Sözleşmeler hangi şartlarda tarafların ne yapacağını gösteren bağlayıcı anlaşmalar ve işleyen bir piyasa ekonomisinin can damarlarından biri kabul ediliyor. Sözleşme teorisi ise en iyi sözleşme idealine yoğunlaşan bir teori. Nobelli iki ekonomistin çalışmalarının odak noktasını ise mükemmel bir sözleşme olamayacağı oluşturuyor. Ancak mükemmel bir sözleşme mümkün olmasa bile Nobelli iki ekonomist için en iyi koşullarda sözleşmeleri hazırlamak kurumsal yönetimin de temellerinden birini oluşturuyor.
2016 Nobel'i, CEO'ların gelirlerini tartışmaya açtı
Sözleşme kuramı her türlü sözleşmeyi konu edindiği için şirketlerin yöneticilerine ne kadar, nasıl ödeme yapması gerektiği gibi sorulara da odaklanıyor. Aynı zamanda eski bir Nokia yöneticisi olan Holmström’e göre bir şirketin piyasa performansı bir şekilde yönetim ekibine bağlı, ancak her şeyden önce onların kontrolü dışında gelişen ekonomik koşullar gibi belirleyiciler de var.

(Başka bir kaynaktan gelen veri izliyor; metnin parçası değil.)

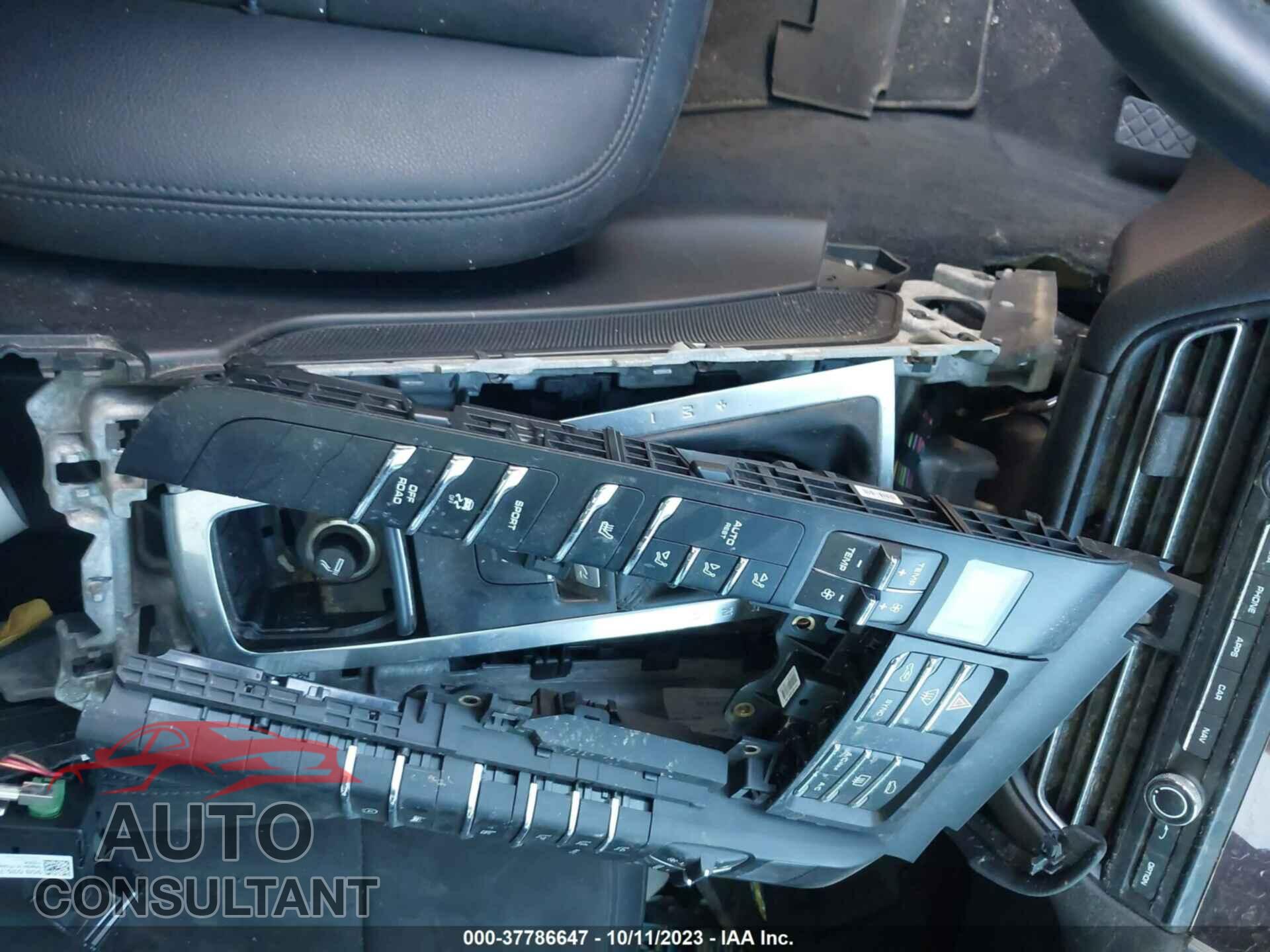 PORSCHE MACAN 2021 - WP1AA2A52MLB07965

Bu yüzden sektörün diğer temsilcileri ile karşılaştırma yapmak çok daha mantıklı. Holmström bu noktada Ford CEO’sunu örnek veriyor. Şirketin kötü mali sonuçlarına rağmen, aynı dönemde rakiplerin çok daha kötü performans göstermeleri karşısında Ford CEO’su ciddi bir ikramiye kazanmıştı.